Eliana Versace sabato 4 agosto 2018

«Temo che non diventerò mai santo», annotò Giovanni Battista Montini, esaminandosi severamente, in un appunto autografo e senza data, ma scritto probabilmente in occasione della solennità di tutti i Santi del 1948, quando il futuro Pontefice era impegnato nel servizio alla Santa Sede come sostituto della Segreteria di Stato. Invece, a quarant’anni dalla morte, avvenuta il 6 agosto 1978 nel Palazzo Apostolico di Castel Gandolfo, il prossimo 14 ottobre papa Francesco proclamerà santo il suo venerato predecessore Paolo VI.
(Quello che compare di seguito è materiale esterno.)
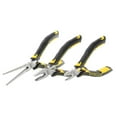 thumbnail image 1 of Stanley Outils à Main Fatmax Mini Ensemble de Pinces, 3 Pcs, 1 of 3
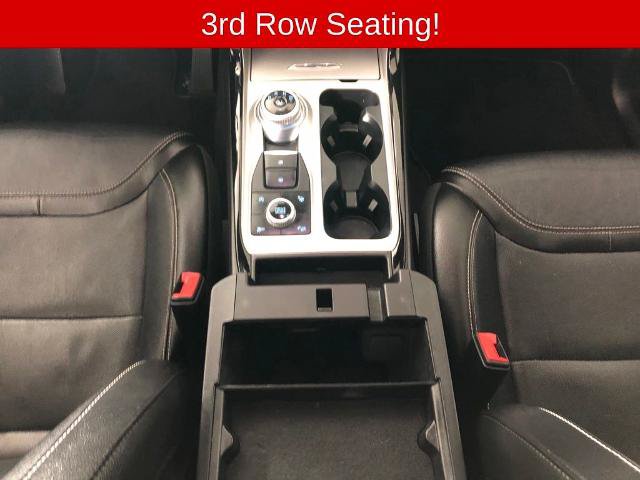 Certified 2022 Ford Explorer ST w/ ST Street Pack AWD/4WD image 10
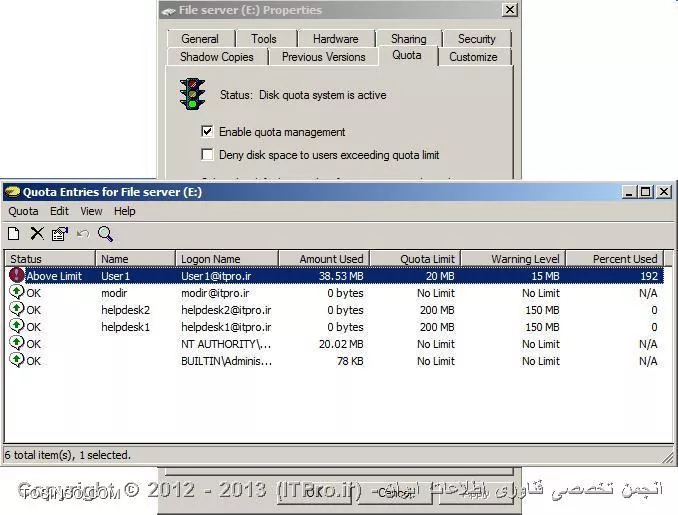 وب سایت توسینسو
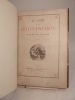 Le Livre de mes petits-enfants.Dessins par H. Giacomelli.. DELAPALME, GIACOMELLI (H.)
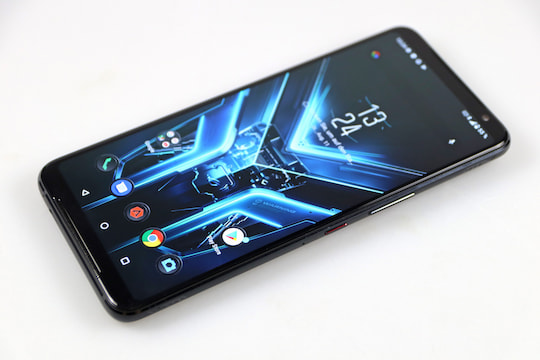 Auch spezielle Gaming-Smartphones, wie das Asus Rog Phone 3, sind gefragt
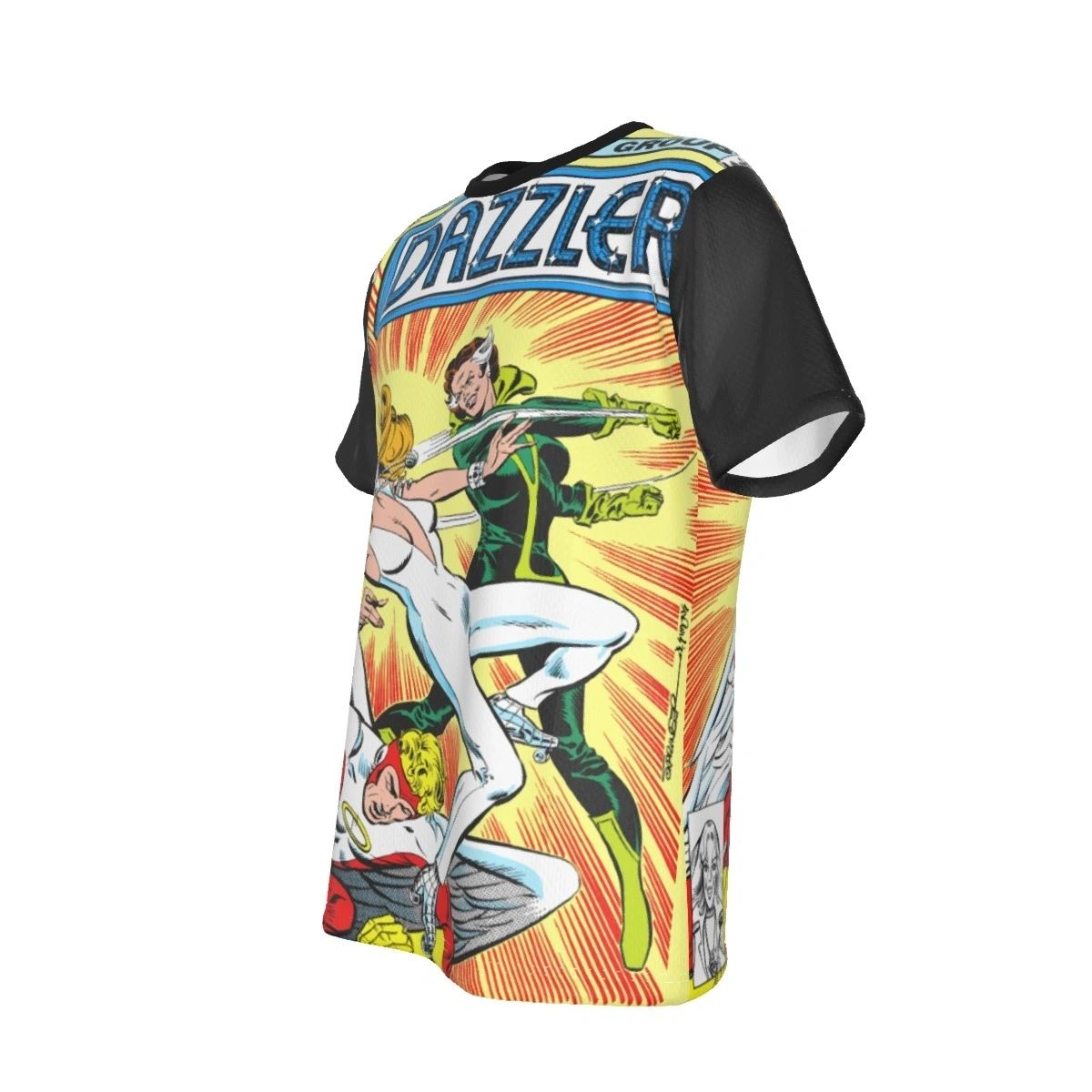 DAZZLER 22 ALL OVER PRINT SHIRT AND TANK - ROGUE - SECRET SALE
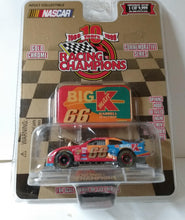 Load image into Gallery viewer, Racing Champions 1999 Gold Chrome Medallion Darrell Waltrip Big Kmart - TulipStuff
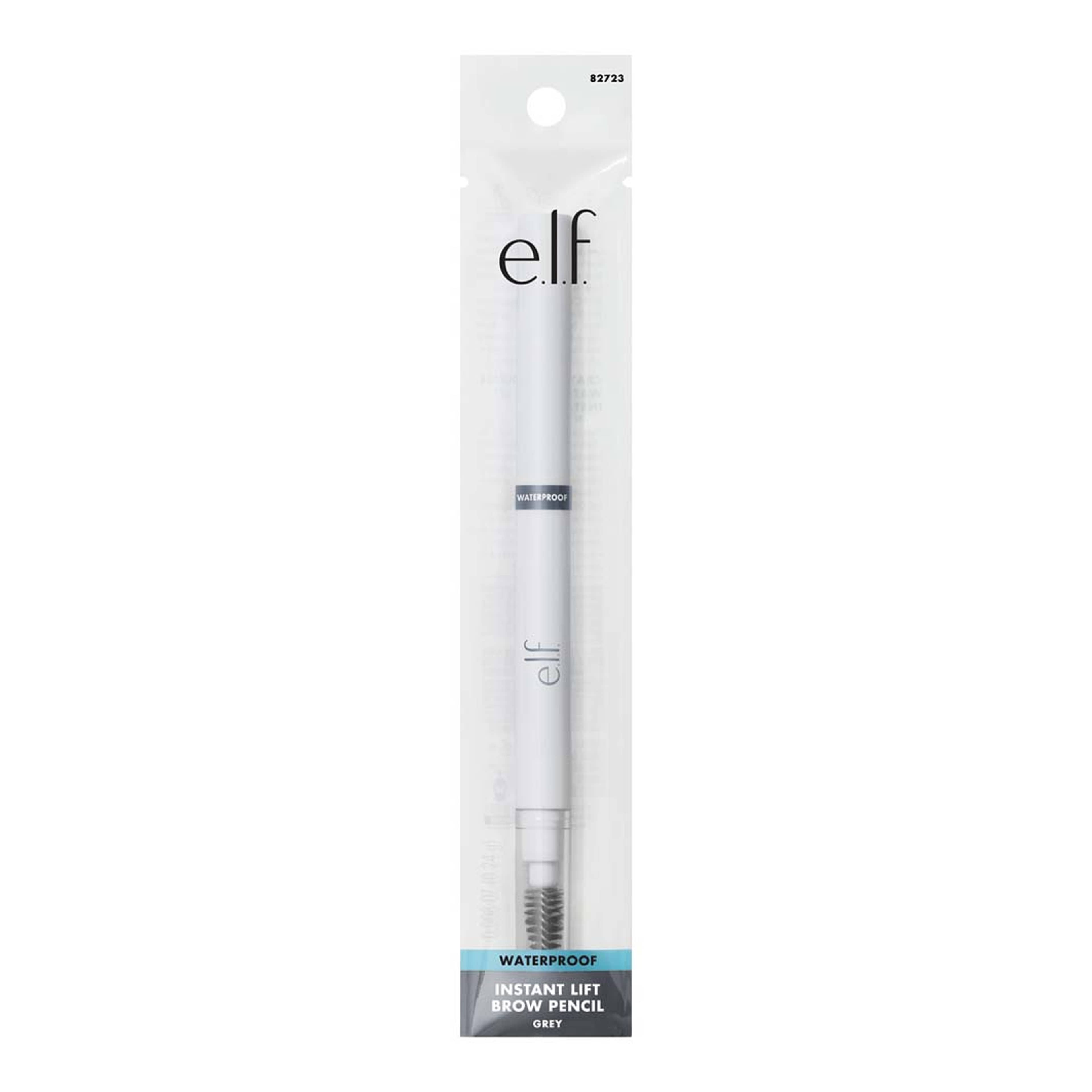 Instant Lift Waterproof Brow Pencil, från e.l.f, i färgen Pencil Grey. Klicka för att öppna bilden i stort format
Se con l’esortazione apostolica Gaudete et exsultate, l’attuale vescovo di Roma ha voluto ricordare la chiamata alla santità nel mondo contemporaneo, solennemente proclamata con la Lumen Gentium dal Concilio Vaticano II, ben poco conosciute sono le intense riflessioni sulla vocazione alla santità e sulla necessità per tutti i cristiani di perseguirla, maturate da Giovanni Battista Montini durante tutto il corso della sua vita.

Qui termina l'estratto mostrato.